Friday, December 06, 2019

Physical Therapy: A Memory

I had the misfortune of being in two car accidents this year in which I was rear-ended. Twice. One occurred in late July, the other in late September. The one in late September did the most physical harm to me even though it was at a lower speed, because I had my neck craned all the way to the side looking for oncoming traffic. My head was nowhere near the headrest, so I had the full effect of a whiplash-like movement.

Within a day I was hurting and going to the chiropractor. Getting adjusted two or three times/week wasn't making a difference. I'd feel fine after the appointment but by the next morning my neck was stiff and painful. One Saturday I was in so much pain that I moved the entire day like a mannequin — I could not turn my head in either direction at all, and instead of looking down at things I had to bend down to see things below me.

Through a series of appointments and visits with various health care professionals, I found myself in physical therapy (PT) at PDR Clinics. I've been going twice a week for four weeks now.

I learned that while I had been doing neck stretches correctly, I hadn't been holding them for long enough for my muscles to actually benefit. I'm strengthening my muscles using their MedX machines to isolate muscles. Those difficult-to-exercise neck muscles are actually getting the workout they need to get stronger.

I've heard and know of many people who've had to go to PT for various injuries, and I'm so grateful for this area of care. It's important to put the work in — when the therapist says they want you doing stretches every day, they mean it!

All of this reminded of a time when my dad was sick. He battled colon cancer for 7 years before it finally claimed his life. During much of that time he was able to live life normally, and other times he was in so much pain and could not control his bowels, which makes living life pretty much impossible.

My dad and stepmom Terry in happier days. 
One time he was hospitalized for three weeks after a bowel resection surgery. He did not recover well, anesthesia always threw him for a loop, literally. He was out of his mind delirious for nearly five days before they realized that the painkiller they were giving him was doing that to him. Once they got him on a different painkiller he got back in his right mind and the healing could continue.

Recovering from one of many surgeries, April 2015. Grandkids Sam and Presley, wife Terry by his side.
He was so eager to get home that he convinced the doctors to release him even though he had hardly any strength after being bedridden for three weeks. In order to get into the house he sat down on the front steps and slid his butt up each stair; he could not even lift his legs high enough to climb a single step. I don't remember if the hospital bed was in their house at that time or not, but if he was able to make it up the stairs to the bedroom he probably didn't come down for several days.
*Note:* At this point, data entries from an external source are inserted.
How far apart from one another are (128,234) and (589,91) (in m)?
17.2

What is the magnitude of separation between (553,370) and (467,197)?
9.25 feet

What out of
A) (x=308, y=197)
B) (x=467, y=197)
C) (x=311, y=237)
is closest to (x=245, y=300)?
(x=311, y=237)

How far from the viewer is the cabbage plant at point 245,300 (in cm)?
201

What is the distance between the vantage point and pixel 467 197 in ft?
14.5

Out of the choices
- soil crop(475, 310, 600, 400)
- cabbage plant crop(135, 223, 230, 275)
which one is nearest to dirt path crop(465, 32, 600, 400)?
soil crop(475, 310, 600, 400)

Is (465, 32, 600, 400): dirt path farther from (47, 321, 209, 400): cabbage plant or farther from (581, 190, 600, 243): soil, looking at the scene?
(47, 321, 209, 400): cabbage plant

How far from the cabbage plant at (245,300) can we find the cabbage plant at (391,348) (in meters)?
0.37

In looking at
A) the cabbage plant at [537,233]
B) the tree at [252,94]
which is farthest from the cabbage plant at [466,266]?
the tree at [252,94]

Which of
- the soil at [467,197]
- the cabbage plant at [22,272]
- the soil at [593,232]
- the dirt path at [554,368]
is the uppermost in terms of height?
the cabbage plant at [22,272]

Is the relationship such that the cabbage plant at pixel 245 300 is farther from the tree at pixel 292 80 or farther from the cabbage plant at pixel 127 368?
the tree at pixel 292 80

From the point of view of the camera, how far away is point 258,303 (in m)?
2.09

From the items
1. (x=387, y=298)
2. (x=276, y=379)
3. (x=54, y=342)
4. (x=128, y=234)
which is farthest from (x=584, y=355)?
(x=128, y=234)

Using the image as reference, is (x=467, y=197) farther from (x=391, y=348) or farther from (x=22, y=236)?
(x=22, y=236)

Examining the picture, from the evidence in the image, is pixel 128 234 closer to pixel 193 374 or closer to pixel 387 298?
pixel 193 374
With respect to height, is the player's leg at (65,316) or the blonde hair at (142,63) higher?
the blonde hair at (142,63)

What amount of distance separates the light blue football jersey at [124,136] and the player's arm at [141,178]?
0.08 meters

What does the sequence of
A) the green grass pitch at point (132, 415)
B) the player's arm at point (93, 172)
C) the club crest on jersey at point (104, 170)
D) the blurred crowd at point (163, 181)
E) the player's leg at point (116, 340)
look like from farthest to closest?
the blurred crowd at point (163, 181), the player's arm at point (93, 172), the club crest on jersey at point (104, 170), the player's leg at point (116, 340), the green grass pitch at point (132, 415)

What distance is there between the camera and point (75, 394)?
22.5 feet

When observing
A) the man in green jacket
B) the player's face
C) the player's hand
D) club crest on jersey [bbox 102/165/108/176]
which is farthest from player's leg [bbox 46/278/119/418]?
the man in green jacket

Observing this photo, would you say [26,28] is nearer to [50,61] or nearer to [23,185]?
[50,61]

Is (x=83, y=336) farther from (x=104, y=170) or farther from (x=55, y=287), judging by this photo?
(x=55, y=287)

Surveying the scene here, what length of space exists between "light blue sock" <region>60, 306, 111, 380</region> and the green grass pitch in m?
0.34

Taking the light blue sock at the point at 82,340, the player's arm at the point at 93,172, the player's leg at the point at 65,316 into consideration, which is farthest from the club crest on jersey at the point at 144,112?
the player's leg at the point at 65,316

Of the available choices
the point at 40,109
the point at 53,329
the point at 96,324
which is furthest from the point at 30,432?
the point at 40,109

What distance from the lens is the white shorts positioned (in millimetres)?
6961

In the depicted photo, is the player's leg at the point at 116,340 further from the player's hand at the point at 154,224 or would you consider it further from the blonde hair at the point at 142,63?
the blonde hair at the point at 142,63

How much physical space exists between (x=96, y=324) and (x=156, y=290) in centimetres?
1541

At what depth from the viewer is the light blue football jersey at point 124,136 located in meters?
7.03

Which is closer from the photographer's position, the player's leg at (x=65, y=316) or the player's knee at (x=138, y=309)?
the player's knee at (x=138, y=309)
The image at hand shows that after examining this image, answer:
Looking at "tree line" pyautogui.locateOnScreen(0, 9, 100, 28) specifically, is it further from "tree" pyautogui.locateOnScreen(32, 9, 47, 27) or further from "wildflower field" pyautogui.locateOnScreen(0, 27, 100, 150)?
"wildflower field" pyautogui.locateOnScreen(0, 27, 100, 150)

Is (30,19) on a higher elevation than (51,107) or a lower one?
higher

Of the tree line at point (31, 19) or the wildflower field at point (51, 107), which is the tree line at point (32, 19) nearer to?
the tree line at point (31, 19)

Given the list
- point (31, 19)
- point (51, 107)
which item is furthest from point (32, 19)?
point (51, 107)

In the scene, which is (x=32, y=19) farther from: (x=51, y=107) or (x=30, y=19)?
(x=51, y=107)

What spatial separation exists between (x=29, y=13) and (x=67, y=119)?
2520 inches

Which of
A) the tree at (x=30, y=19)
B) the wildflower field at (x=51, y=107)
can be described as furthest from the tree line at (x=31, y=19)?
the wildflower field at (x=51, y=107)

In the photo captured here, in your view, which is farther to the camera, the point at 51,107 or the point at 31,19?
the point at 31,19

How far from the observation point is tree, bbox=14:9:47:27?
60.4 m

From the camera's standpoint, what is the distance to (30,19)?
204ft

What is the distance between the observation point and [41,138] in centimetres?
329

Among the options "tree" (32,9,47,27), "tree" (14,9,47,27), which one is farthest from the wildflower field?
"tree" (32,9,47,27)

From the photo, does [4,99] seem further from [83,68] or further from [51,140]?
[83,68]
Weeks went by and my stepmom-angel took care of him. He was getting a little better every day but still was very weak. I am not sure how it came about, but a doctor or someone finally convinced him to meet with a physical therapist at their house to help him build his strength.

I talked to him the day of the therapist's first visit. Dad was angry. "That was the stupidest thing ever," he grumped to me over the phone. "She had me sit in a chair and straighten my leg, hold it for a few seconds and then put it back down. It didn't do a damn thing." My dad was a big man, accustomed to being strong and active. The fact that he had weakened to the point that straightening his leg was considered "exercise" frustrated him.
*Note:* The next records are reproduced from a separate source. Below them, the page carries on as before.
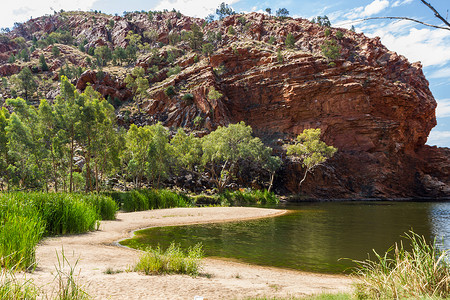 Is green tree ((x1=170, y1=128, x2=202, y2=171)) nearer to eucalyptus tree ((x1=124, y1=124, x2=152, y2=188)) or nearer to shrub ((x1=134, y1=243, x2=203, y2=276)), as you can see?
eucalyptus tree ((x1=124, y1=124, x2=152, y2=188))

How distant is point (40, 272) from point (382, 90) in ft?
260

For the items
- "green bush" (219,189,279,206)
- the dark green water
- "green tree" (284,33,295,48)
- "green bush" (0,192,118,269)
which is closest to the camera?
"green bush" (0,192,118,269)

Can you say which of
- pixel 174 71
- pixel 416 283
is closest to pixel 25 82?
pixel 174 71

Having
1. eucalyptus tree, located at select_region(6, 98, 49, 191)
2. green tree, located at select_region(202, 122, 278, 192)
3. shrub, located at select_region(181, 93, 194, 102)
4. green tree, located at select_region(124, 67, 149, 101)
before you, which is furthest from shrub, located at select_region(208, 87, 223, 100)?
eucalyptus tree, located at select_region(6, 98, 49, 191)

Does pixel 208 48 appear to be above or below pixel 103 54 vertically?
below

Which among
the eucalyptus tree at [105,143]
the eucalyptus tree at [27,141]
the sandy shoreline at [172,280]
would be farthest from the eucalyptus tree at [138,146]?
the sandy shoreline at [172,280]

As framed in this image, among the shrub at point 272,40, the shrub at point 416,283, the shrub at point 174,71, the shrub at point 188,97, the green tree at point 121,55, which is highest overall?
the shrub at point 272,40

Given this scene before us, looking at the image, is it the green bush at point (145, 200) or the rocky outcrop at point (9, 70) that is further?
the rocky outcrop at point (9, 70)

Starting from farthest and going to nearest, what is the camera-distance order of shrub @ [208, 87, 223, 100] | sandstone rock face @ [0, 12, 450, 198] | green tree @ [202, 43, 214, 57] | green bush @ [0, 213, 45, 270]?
1. green tree @ [202, 43, 214, 57]
2. shrub @ [208, 87, 223, 100]
3. sandstone rock face @ [0, 12, 450, 198]
4. green bush @ [0, 213, 45, 270]

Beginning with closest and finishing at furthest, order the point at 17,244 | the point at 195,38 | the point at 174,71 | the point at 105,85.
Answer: the point at 17,244, the point at 105,85, the point at 174,71, the point at 195,38

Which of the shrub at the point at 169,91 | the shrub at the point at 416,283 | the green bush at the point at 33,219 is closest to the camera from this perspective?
the shrub at the point at 416,283

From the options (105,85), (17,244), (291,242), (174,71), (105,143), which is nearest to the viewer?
(17,244)

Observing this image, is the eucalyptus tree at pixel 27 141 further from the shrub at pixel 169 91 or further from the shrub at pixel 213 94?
the shrub at pixel 213 94

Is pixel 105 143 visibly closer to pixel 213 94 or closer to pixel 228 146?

The next day I called again just to see how he was doing. He was even more frustrated and annoyed because he was sore from the "supposed exercises." I think he felt even more defeated at how weak he had become.

I don't know if he ever kept up with the therapist, she may have come a few more times. And knowing how frustrated he was by the experience, I don't think he kept up with the exercises they told him to do.
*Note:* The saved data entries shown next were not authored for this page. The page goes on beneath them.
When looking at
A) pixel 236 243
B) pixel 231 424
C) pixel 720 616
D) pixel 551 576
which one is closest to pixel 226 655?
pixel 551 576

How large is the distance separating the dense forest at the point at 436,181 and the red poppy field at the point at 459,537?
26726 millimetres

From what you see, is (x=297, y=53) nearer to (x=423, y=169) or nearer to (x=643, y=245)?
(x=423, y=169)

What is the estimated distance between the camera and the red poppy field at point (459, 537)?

After that particular hospitalization, my dad slowed down. He was never able to get back to the level of activity he'd had before, and he was incredibly slow at walking. My sister and I had a hard time walking as slowly as he did. I would literally hover a single foot in the air to make my steps as slow as his. One time Dad and Terry were in Minnesota visiting us and the four of us were walking to a restaurant. Kristi and I absentmindedly started walking at our regular pace and within a few minutes found ourselves nearly half a block in front of Dad and Terry. God bless my stepmom, she assured my dad that she was feeling "tired" and needed extra time as well so that she could walk beside him. She did that everywhere they went.

I'm missing my dad this time of year. His birthday is on Christmas Eve, this whole experience of going to PT for my own injury is reminding me of his experience.